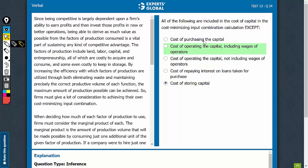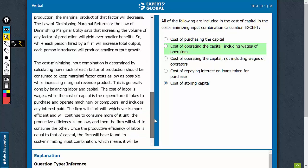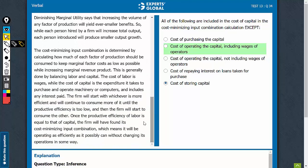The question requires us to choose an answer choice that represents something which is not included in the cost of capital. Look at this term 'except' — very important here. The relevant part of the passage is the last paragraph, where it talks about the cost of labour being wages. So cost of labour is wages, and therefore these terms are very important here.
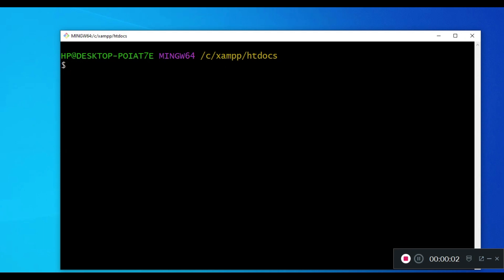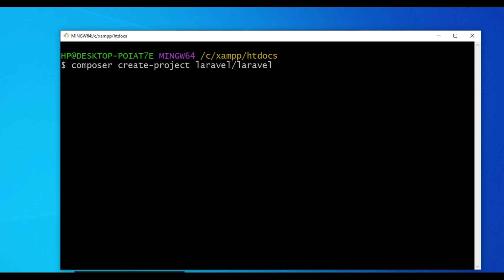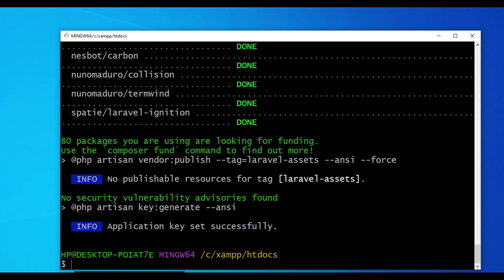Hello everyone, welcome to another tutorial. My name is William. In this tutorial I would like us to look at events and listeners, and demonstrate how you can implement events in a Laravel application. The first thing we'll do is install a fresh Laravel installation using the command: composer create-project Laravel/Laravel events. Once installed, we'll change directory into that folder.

--

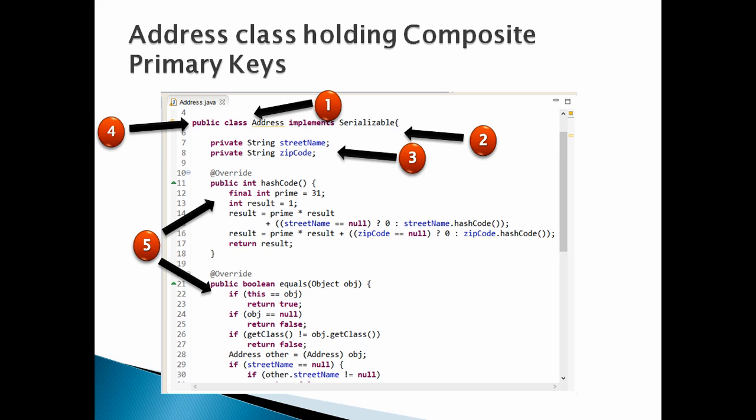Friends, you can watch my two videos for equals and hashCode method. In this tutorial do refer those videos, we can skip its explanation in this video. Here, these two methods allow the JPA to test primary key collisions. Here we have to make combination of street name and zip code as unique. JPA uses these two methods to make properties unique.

PROBLEM STATEMENT
In the records above, copy exactly everything from the line that has "The question requires" down to the line that has "Hello everyone, welcome", both ends included, and leave out the pictures.

TASK SOLUTION
The question requires us to choose an answer choice that represents something which is not included in the cost of capital. Look at this term 'except' — very important here. The relevant part of the passage is the last paragraph, where it talks about the cost of labour being wages. So cost of labour is wages, and therefore these terms are very important here.
Hello everyone, welcome to another tutorial. My name is William. In this tutorial I would like us to look at events and listeners, and demonstrate how you can implement events in a Laravel application. The first thing we'll do is install a fresh Laravel installation using the command: composer create-project Laravel/Laravel events. Once installed, we'll change directory into that folder.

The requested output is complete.